** Opening Records for this exercise block **
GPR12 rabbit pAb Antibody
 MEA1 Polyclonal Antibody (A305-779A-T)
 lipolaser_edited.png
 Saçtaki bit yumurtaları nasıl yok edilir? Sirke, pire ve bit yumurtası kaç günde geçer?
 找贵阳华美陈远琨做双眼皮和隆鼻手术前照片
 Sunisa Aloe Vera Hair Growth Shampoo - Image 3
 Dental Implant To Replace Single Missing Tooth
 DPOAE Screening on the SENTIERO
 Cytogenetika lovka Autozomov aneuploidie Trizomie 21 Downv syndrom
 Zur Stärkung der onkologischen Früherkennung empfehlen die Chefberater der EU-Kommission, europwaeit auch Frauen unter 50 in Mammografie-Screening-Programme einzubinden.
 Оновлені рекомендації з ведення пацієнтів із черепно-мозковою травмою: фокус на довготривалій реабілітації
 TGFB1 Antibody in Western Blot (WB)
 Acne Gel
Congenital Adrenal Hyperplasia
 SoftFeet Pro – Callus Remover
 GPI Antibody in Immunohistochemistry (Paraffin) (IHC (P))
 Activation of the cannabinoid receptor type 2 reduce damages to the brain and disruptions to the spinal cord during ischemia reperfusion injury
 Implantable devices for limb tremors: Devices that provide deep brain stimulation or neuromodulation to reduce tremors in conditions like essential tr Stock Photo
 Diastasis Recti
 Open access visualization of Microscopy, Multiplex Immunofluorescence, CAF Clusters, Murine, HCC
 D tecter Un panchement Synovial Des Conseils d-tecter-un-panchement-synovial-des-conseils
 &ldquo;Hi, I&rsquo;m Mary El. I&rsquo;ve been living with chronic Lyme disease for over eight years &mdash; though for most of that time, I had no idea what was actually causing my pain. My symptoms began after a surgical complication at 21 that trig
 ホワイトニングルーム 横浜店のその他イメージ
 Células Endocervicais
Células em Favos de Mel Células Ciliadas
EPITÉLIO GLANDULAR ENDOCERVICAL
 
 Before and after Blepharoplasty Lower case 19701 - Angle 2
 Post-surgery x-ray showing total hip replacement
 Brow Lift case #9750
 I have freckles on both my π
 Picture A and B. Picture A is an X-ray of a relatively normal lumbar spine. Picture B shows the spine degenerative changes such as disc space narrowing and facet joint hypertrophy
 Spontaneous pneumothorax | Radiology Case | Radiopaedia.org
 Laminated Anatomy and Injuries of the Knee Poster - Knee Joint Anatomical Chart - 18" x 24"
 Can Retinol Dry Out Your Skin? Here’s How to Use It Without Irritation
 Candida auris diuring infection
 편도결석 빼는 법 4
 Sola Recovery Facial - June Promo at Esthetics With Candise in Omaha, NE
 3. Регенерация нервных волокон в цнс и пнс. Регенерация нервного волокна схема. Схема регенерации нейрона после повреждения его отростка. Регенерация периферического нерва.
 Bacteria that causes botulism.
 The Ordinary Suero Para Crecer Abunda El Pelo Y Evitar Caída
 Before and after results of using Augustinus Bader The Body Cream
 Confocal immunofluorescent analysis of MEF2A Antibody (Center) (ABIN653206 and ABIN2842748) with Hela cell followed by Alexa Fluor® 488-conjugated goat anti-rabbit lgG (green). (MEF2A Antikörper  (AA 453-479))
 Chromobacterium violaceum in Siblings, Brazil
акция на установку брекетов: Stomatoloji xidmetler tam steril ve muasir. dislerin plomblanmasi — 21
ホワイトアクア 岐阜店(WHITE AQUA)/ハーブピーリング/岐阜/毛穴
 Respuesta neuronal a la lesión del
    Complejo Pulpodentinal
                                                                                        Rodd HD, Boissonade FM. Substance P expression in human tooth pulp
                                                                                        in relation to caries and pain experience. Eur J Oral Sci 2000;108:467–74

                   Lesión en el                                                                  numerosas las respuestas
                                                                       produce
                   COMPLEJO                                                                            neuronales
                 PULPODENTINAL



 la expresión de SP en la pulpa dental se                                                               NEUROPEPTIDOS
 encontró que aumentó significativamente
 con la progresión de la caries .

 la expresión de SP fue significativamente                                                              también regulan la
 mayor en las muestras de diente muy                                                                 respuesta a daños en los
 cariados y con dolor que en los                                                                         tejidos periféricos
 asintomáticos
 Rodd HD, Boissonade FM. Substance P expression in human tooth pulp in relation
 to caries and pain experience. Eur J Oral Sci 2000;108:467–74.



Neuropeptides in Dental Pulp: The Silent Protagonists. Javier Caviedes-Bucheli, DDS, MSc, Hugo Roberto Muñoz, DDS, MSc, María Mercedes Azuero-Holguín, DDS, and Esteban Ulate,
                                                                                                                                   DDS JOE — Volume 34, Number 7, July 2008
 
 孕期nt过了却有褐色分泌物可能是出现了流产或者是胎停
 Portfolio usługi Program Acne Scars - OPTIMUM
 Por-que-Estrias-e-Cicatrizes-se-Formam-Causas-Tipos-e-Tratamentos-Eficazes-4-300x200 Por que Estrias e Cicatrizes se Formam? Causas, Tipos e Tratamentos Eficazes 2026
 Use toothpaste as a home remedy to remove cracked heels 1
** Closing Records for this exercise block **
**To do**
Every line in the listing above that mentions "Acne" should be returned.

**Your response**
 Acne Gel
 Portfolio usługi Program Acne Scars - OPTIMUM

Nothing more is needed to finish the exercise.